**Task brief**: Print the data below exactly, but only the lines from the one containing "Pack of 3 Abstract" down to the one containing "Green Abstract Woman", inclusive.

○ ○ ○ ○ ○

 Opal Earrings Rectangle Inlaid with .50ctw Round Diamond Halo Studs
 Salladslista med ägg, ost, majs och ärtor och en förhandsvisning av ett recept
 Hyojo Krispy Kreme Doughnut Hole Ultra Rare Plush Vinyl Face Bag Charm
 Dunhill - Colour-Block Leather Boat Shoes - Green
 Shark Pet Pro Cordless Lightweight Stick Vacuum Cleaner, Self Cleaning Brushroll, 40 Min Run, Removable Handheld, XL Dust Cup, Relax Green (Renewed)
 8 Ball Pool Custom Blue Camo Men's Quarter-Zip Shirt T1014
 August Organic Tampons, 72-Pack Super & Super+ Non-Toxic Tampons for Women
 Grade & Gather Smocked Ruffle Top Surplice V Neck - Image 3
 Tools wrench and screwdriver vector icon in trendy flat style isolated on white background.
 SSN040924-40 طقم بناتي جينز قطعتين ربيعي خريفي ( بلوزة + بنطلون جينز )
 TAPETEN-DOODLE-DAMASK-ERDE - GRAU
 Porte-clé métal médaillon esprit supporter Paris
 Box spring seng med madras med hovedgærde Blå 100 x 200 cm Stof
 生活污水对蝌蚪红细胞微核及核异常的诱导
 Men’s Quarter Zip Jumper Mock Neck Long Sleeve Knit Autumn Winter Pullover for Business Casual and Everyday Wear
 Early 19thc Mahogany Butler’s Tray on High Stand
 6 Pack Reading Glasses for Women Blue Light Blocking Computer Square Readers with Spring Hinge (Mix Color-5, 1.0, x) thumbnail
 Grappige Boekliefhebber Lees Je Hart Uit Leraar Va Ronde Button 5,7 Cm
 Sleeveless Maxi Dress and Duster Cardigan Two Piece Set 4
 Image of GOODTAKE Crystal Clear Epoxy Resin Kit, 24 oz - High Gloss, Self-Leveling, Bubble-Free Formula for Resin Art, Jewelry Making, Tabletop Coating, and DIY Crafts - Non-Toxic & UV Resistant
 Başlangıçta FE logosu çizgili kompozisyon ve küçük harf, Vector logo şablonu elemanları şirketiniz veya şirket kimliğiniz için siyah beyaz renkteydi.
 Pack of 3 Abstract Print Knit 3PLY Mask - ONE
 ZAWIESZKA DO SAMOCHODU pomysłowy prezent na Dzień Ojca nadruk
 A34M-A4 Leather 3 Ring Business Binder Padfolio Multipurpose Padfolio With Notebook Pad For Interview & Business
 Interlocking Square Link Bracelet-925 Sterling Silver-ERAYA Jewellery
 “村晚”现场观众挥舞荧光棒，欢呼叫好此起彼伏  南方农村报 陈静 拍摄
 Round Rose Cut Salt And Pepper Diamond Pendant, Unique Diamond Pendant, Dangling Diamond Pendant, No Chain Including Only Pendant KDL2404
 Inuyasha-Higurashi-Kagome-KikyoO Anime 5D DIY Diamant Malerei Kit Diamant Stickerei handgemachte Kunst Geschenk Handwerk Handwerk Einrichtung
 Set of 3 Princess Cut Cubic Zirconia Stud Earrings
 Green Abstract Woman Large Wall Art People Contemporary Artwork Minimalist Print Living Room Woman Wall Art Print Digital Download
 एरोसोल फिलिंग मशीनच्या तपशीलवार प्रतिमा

○ ○ ○ ○ ○

**Exercise result**:
 Pack of 3 Abstract Print Knit 3PLY Mask - ONE
 ZAWIESZKA DO SAMOCHODU pomysłowy prezent na Dzień Ojca nadruk
 A34M-A4 Leather 3 Ring Business Binder Padfolio Multipurpose Padfolio With Notebook Pad For Interview & Business
 Interlocking Square Link Bracelet-925 Sterling Silver-ERAYA Jewellery
 “村晚”现场观众挥舞荧光棒，欢呼叫好此起彼伏  南方农村报 陈静 拍摄
 Round Rose Cut Salt And Pepper Diamond Pendant, Unique Diamond Pendant, Dangling Diamond Pendant, No Chain Including Only Pendant KDL2404
 Inuyasha-Higurashi-Kagome-KikyoO Anime 5D DIY Diamant Malerei Kit Diamant Stickerei handgemachte Kunst Geschenk Handwerk Handwerk Einrichtung
 Set of 3 Princess Cut Cubic Zirconia Stud Earrings
 Green Abstract Woman Large Wall Art People Contemporary Artwork Minimalist Print Living Room Woman Wall Art Print Digital Download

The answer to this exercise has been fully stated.